Brendan May reflects on the recent Ethical Corporation responsible business summit in London, and suggests an agenda change for next year


I’ve been attending Ethical Corporation events for several years now. This year’s Responsible Business Summit was the best yet.
 

There is now a bank of corporate excellence that provides case studies aplenty on why sustainability is good for business. Companies are able to move from unveiling bold plans to sharing some of the early success stories of their execution. There is more lively debate and dialogue – companies are no longer scared of challenging the environmental movement on why some of its more extreme positions are untenable if we are to create lasting change.
 

It feels as if the responsible business movement has at last matured – it is no longer the nervous new kid on the block, but a day-to-day must-have model for how business should be done if companies are to survive.
 

But there are major challenges ahead. There is still too little recognition of the narrative that will shape all future business behaviour. There are still the awkward elephants in the room: resource depletion, population growth, biosystem volatility and the need not just to manage supply chain issues but actually revolutionise purchasing to lock in stability and reduce risk.
 

Too many businesses are still focused on one dimensional impact reductions, for instance in water and energy use.
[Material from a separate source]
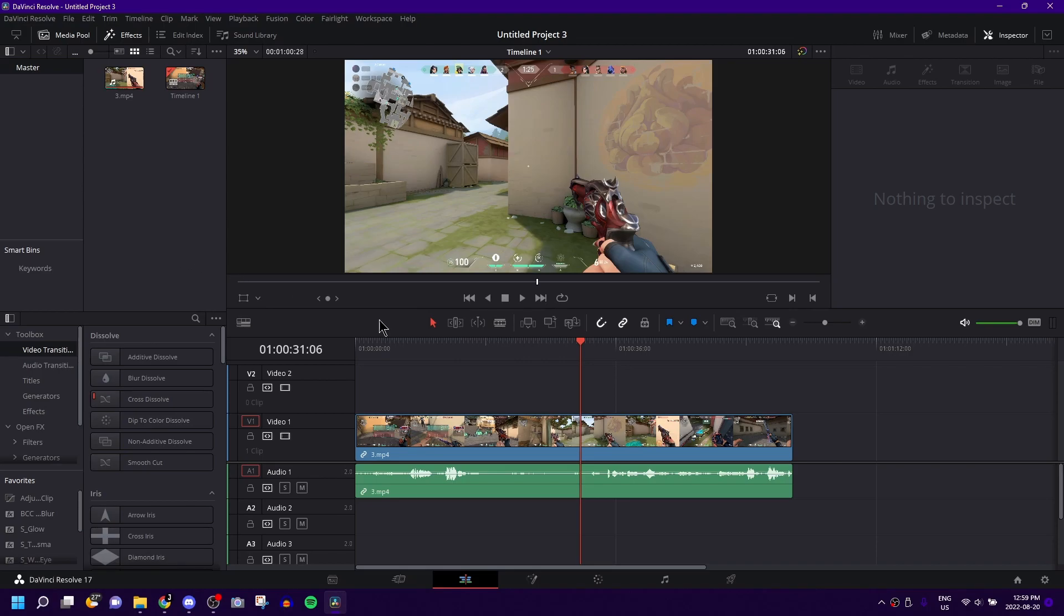How's it going guys? In today's DaVinci Resolve tutorial, I'm going to be teaching you guys how to add motion blur to a video.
They should, rather, focus on adopting a whole systems approach that embraces regional land and water management, calibrates the value of nature’s sustenance of commercial activities, and understands the social premium of more vibrant and energised communities, themselves practising best-in-class environmental sustainability.
 

And all the jargon I’ve just used raises another challenge.
 

It lies at the marketing end of the sustainability spectrum. It is still the case the marketing directors tend to go to marketing conferences, while sustainability or CR directors attend the responsible business summits. Except for awards dinners, when marketing directors appear out of nowhere in the hope of picking up a glass statue they can proudly display in a cabinet in the foyer of the corporate HQ.
 

Consumer change
 

This needs to change. Marketing directors are the people who will ultimately catalyse the consumer behaviour change that is needed to make good the technical innovations of the world’s biggest brands. There is little point in reducing the impact of product manufacturing if consumer use at home remains unsustainable.
 

Marketing directors hold the budgets that sustainability managers can only dream of. At present, sustainability teams have to beg, borrow and steal from the marketing budget. One day, the roles may well be reversed. We need to find a way of bringing marketing directors into the daytime discussions, not just the dinner.
 

If I were writing next year’s summit agenda, I would strip out the single-issue deep-dive sessions (such as responsibility reporting best practice, how to engage stakeholders and the like). I would theme the conference according to global challenges. These might include paying for nature’s services, food security, land efficiency, nutritious healthy living, rural community empowerment and the explosion of emerging market corporate giants.
 

I would ask all speakers to prepare their commercial narrative about just how they plan to address these systemic issues. In an environment where most serious businesses are now some way along the path to impact mitigation and sustainability governance, this new framing would quickly sort out new tiers of leaders and laggards.
 

There might even be some surprises about who is really thinking strategically and who is thinking more about PR than business model adaptation. I would disallow the flag waving of generic sustainability plans and insist that delegates think about their company’s intervention on these whole system issues.
 

I would engage marketing directors in this discussion. Yes, it moves them out of their comfort zone and exposes them to clusters of issues they either find boring or incomprehensible. But the job description for the communications industry is changing, whether they like it or not.
 

Conferences can play a valuable role in bridging the knowledge gaps. They can educate sustainability technicians in the hard realities of branding and consumer marketing, while showing a sector as yet unmoved by planetary survival the tools it needs to function effectively in the future.
 

The 2011 responsible business summit felt as if a mountain top had been reached. To ensure we don’t go downhill from here, we need to adapt our thinking and provide content that will give delegates not just a good profile, but access to the tools and insights that they will require for the future.
 

Brendan May is founder of the Robertsbridge Group and a contributing editor to Ethical Corporation.